Many moons ago ( OK 2003) I was student teaching the 6th grade ( yes most were taller than me) and I was teaching a unit on the book  Holes by Louis Sachar. I was reading the book to my students and losing their attention . To keep it I created a bingo game of words in each chapter. I’d hand out the sheets, they’d listen for the words and mark ones they heard. It was exactly what they needed to stay engaged and our discussions at the end of the chapters went from 2 kids to most of the class. Today I am sharing how I modified this for my son who is 5 and just starting to read independently.

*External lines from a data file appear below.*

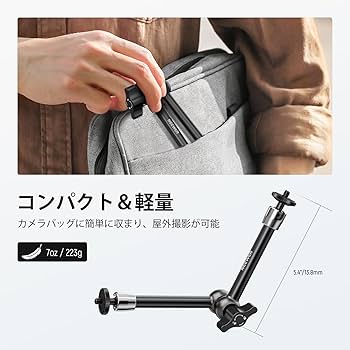 camvate 360度1?/ 4?&quot;関節式マジックアームマウントアダプタforカメラモニターLEDライト ggw725x camvate 360度1?/ 4?
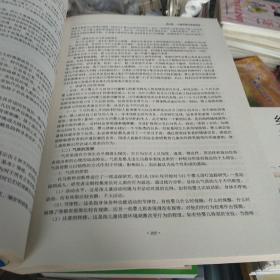 家庭教育指导师培训教材。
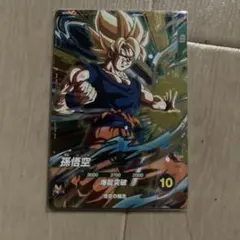 ドラゴンボールスーパーダイバーズ 孫悟空 SDV5-047 - メルカリ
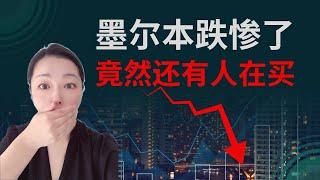 墨尔本的房价到底为什么会下跌呢？投资者一贯的追涨杀跌，但就有有这么一批不怕死的要逆势而为！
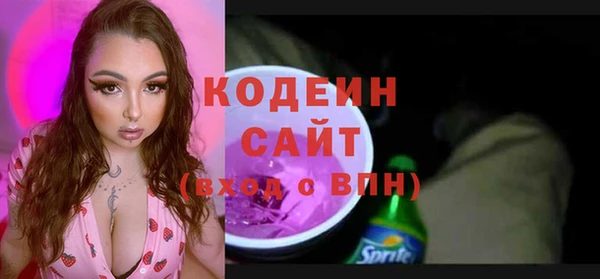 a pvp Медногорск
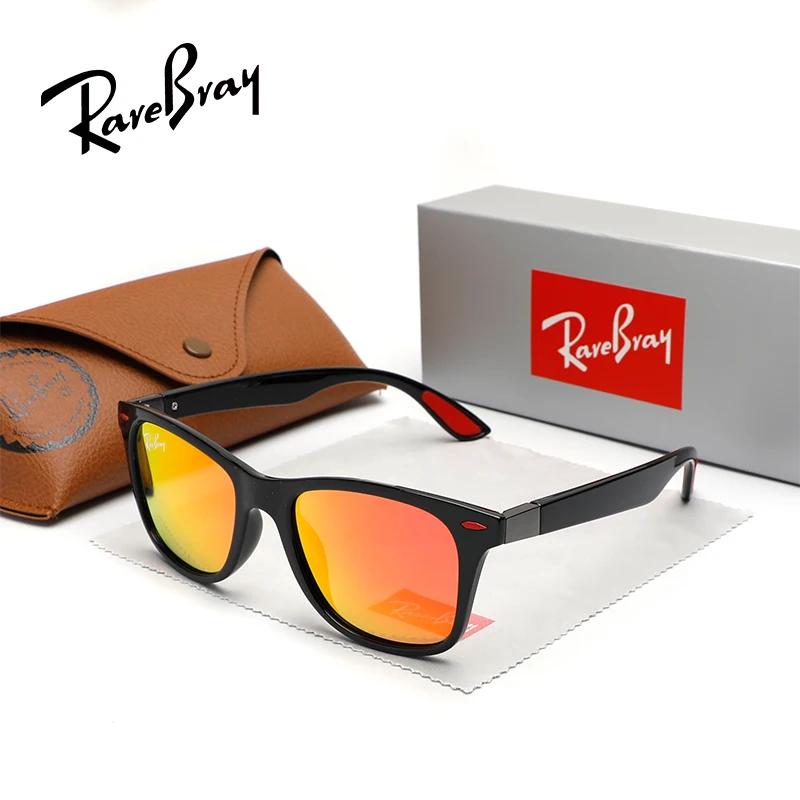 Rarebray lunettes de soleil polarisées R2503 pour femmes à la mode forme ronde Protection UV400 UV40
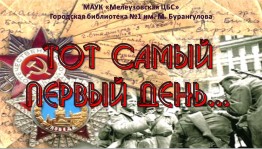 Тот самый первый день войны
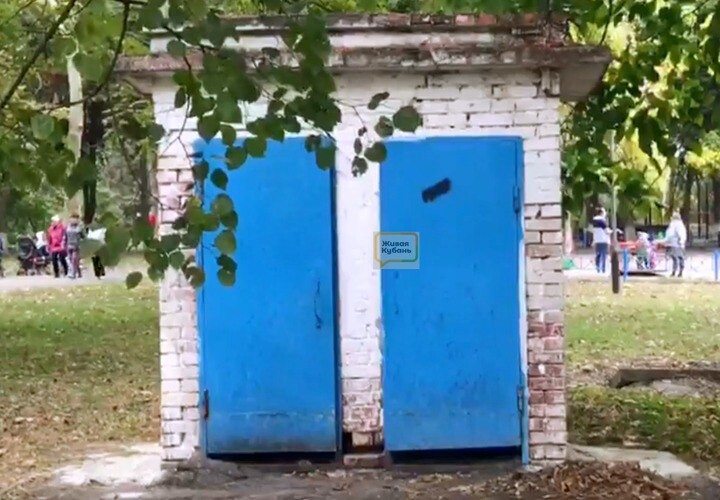 Туалет мужской краснодар парк краснодар фото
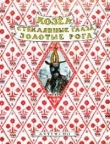 Книга Козел - стеклянные глаза, золотые рога автора Михаил Булатов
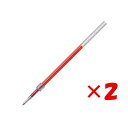 【 まとめ買い ×2個セット 】 「 三菱鉛筆 油性ボールペン替芯 0.7mm 赤 SXR7-15 」 【 送料無料 】 【 楽天 月間MVP & 月間優良ショップ ダブル受賞店 】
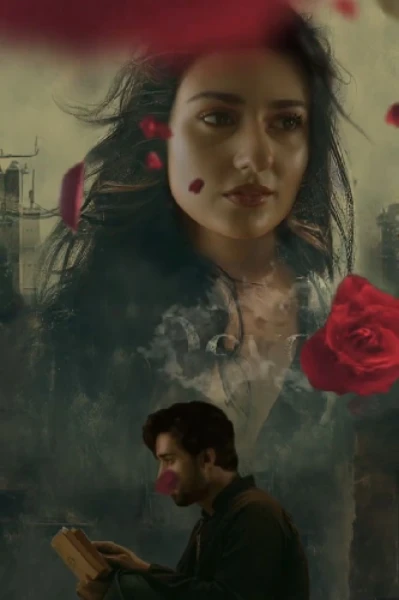 हम एक नहीं हो सकते, लेकिन मैं अपनी मोहब्बत को फिर मिलूंगी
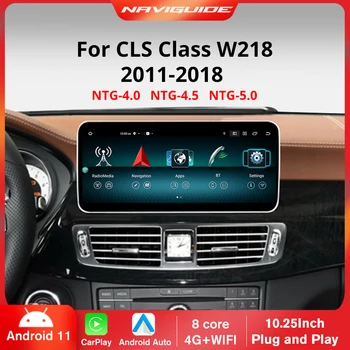 NAVIGUIDE Android 12 Sistēmā Mercedes CLS Klases W218 2011-2018 Auto Multimedia Stereo Carplay 4G, WIFI, BT GPS Navi Radio Atskaņotājs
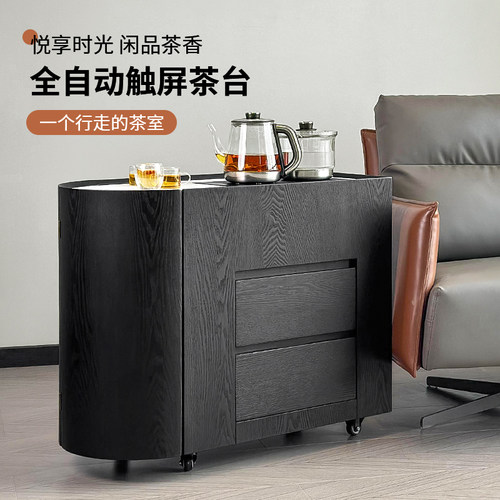 捷奥C1实木茶水柜 阳台小茶y桌 家用茶台 多功能沙发边柜边几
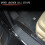 Car Leather Upper Sill Strips Trim Sticker for ALP 4
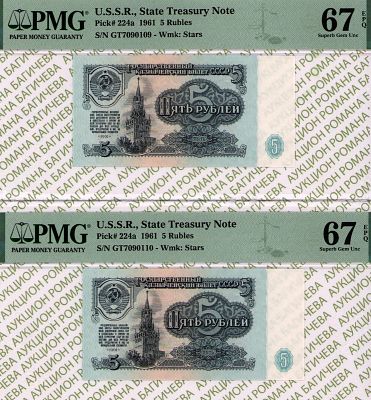 номера по порядку: 5 рублей	1961	год	PMG 67 EPQ, 
5 рублей	1961	год	PMG 67 EPQ. - 5 рублей 1961 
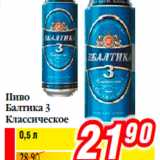 Магазин:Билла,Скидка:Пиво
Балтика 3
Классическое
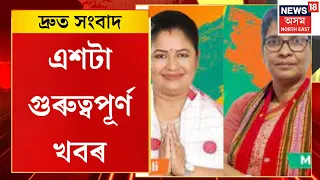 SPEED NEWS | নিৰ্বাচনকেন্দ্ৰিক হিংসা। মীৰা বৰঠাকুৰ আৰু বিজুলী কলিতা মেধিৰ সমৰ্থৰ হতাহতি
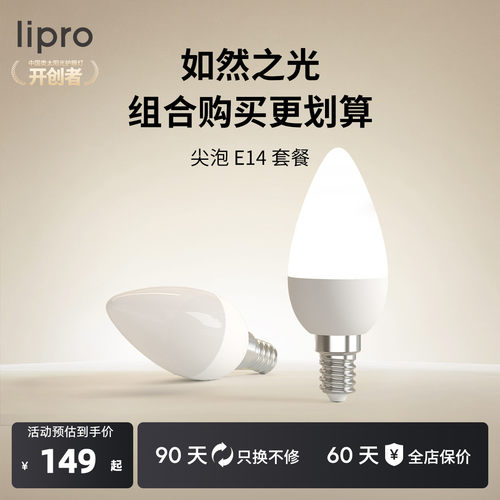 lipro护眼显色灯泡家用e14螺口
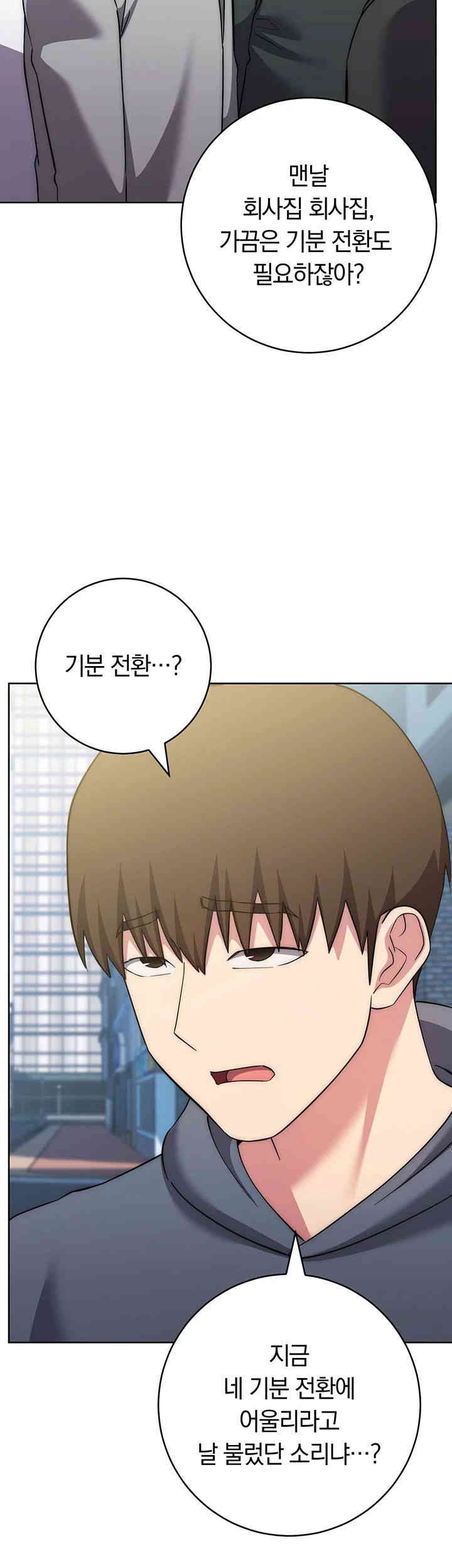 Outsider: The Invisible Man Raw - Chapter 36 [photo 45] - MangaPorn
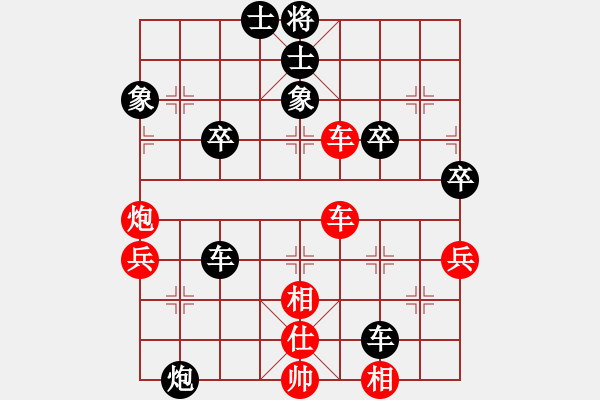 象棋棋譜圖片：12--1---黑先勝--雙車單馬炮三卒--車5平4 - 步數(shù)：20 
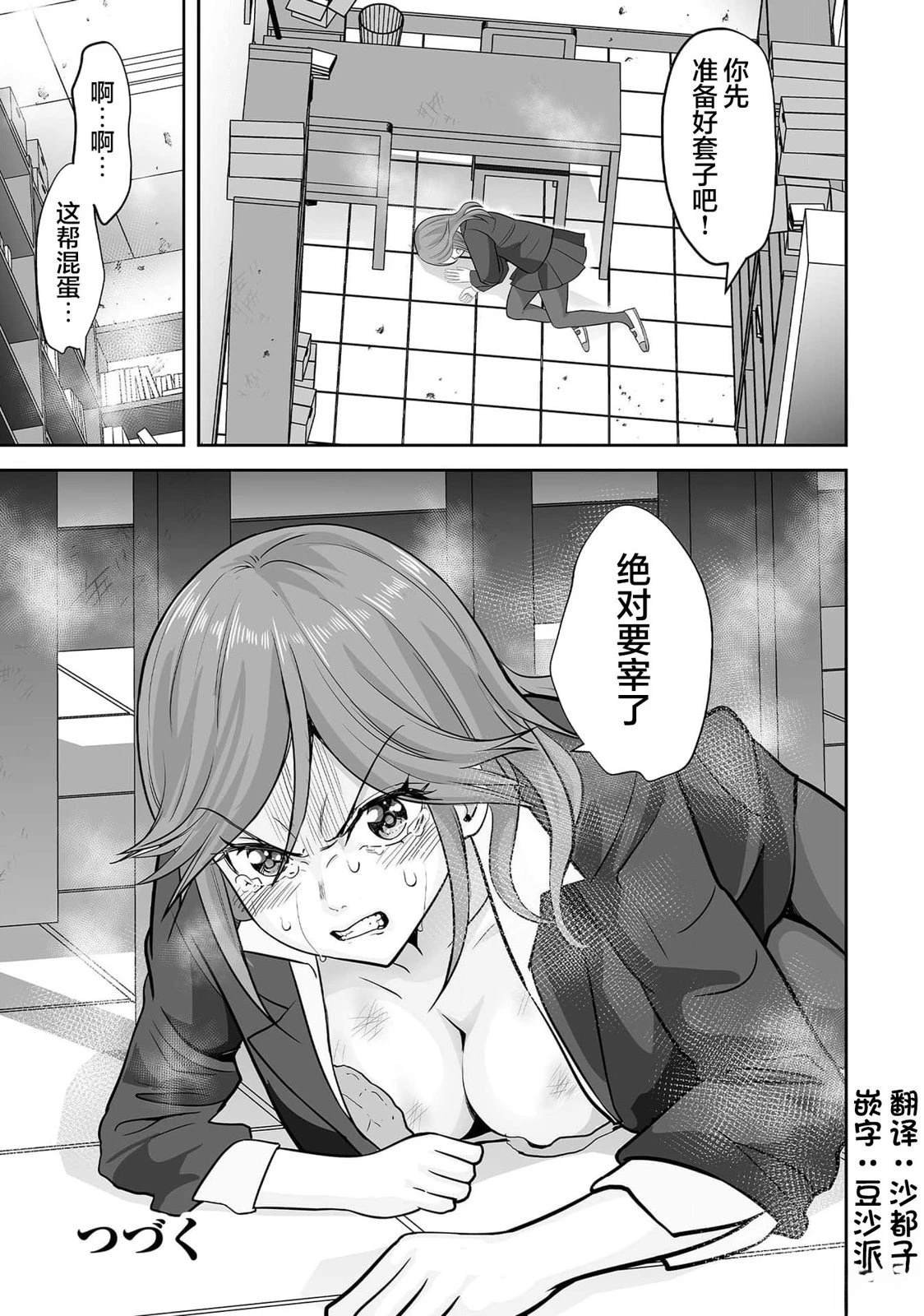 第4话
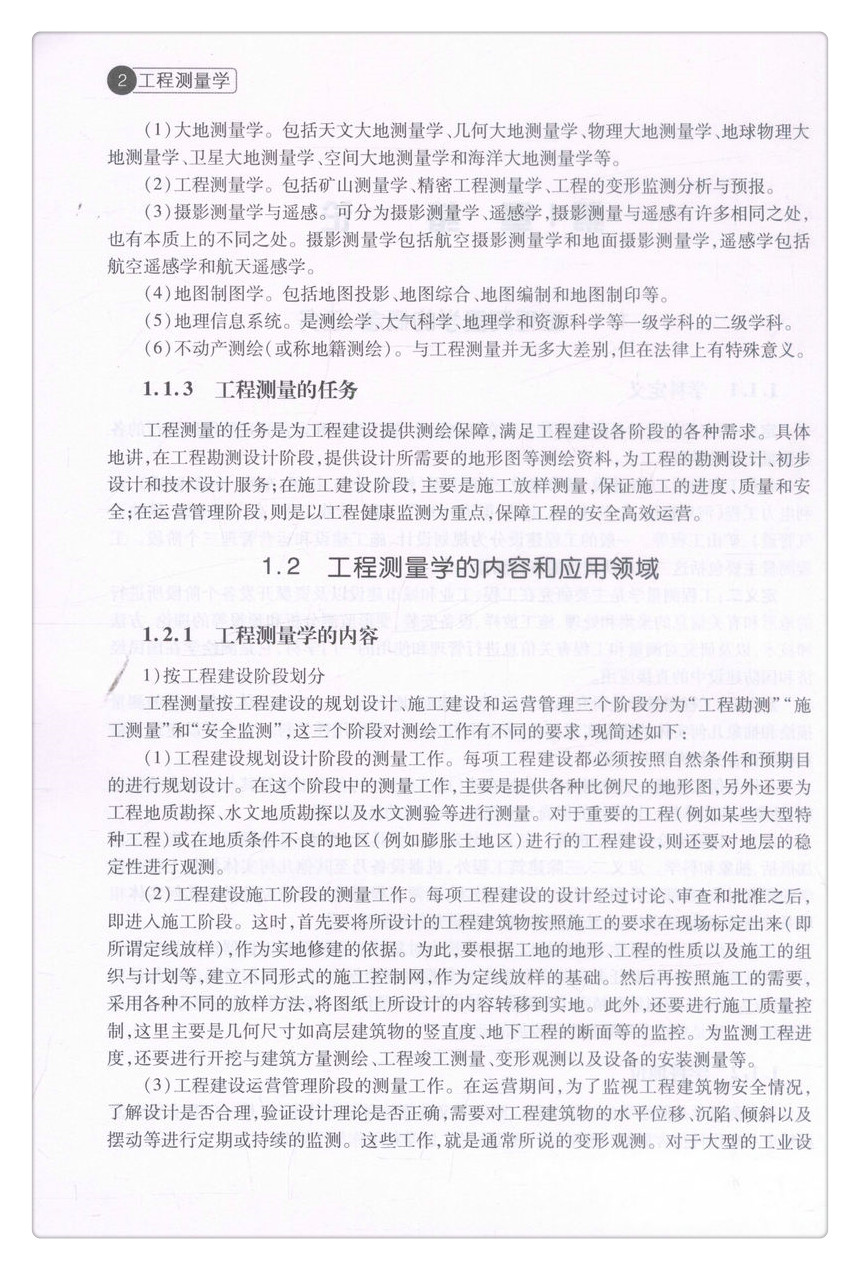 书摘图-书摘图7-工程测量学普通高等教育应用型本科创新教材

  1. Gather your materials. You will need some paper, a marker, a book and a dot paint marker .
  2. Before calling your child to play flip through the book and choose some words. I only chose each word once, and did one for every two pages so I could read it out loud to him at a normal speed without him having to stop too often to bam the paper. With one kid I just had a sheet to fill, not a bingo format. sight word games
  3. Start reading.
  4. It was a hit from the start . I will be doing this with many other books in the future.
  5. Bam!
  6. When he missed a word I invited him to look for it in the book.
  7. Got it!

Making reading a game has been a big part of my son’s ease into reading. Still even now that he is reading well he doesn’t always want to read books to my husband or I opting to read to his sister or alone. Building confidence is tricky. Instead of forcing them to read aloud  when they don’t want to , play some games and let the fun build the confidence. After their confidence builds they will be much more apt to read aloud .

 

Giant Valentine’s Word Search

valentine's day word search

My son loved the 3D Word Search I made him a while back so when I saw that the dollar store had pink and purple foam letters I grabbed a few packs and headed home to make another for him. The great thing about this activity is that it incorporates different senses . Kids can see and feel the letters that make up the words. I kept the words easy to find by making them all a uniform color for my beginning reader but make it as tricky as you want. Also even if your child isn’t reading you can still make this , just turn it into a letter search .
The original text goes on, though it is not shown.